__TASK BRIEF__:
Starting with the line below that holds "http://www.like-world.com/app/story/top/index/137" and stopping after the line that holds "Woseprints Personalized Dominican", transcribe the lines exactly, leaving out all pictures.

(EXERCISE MATERIALS begins)

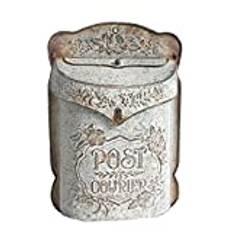 Helt elegant vintage brevlåda postlåda brevlåda väggmontering brevlådor för utomhus metall brevlåda retro antik stil berlock heminredning blomma mönster grå..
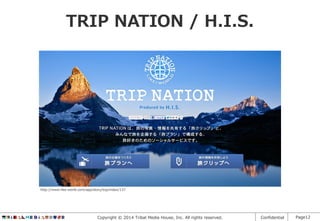 TRIP NATION / H.I.S.

http://www.like-world.com/app/story/top/index/137

Copyright © 2014 Tribal Media House, Inc. All rights reserved.

Confidential

Page12

 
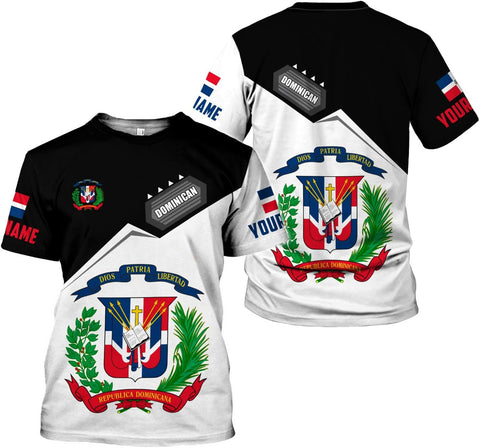 Woseprints Personalized Dominican Shirt 3D, Dominican Republic T Shirt, Dominican Flag Tshirt, Republica Dominicana Shirt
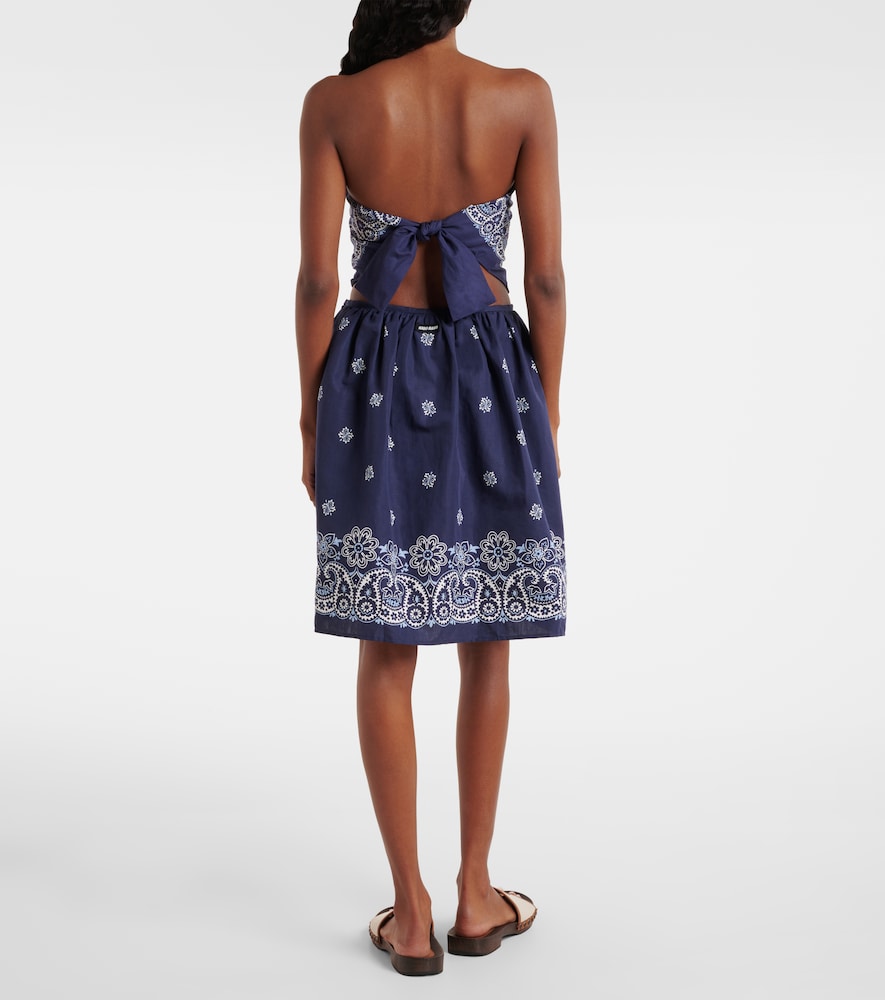 Bandana Cotton And Linen Miniskirt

(EXERCISE MATERIALS ends)

__EXERCISE RESULT__:
http://www.like-world.com/app/story/top/index/137

Copyright © 2014 Tribal Media House, Inc. All rights reserved.

Confidential

Page12

 
 Woseprints Personalized Dominican Shirt 3D, Dominican Republic T Shirt, Dominican Flag Tshirt, Republica Dominicana Shirt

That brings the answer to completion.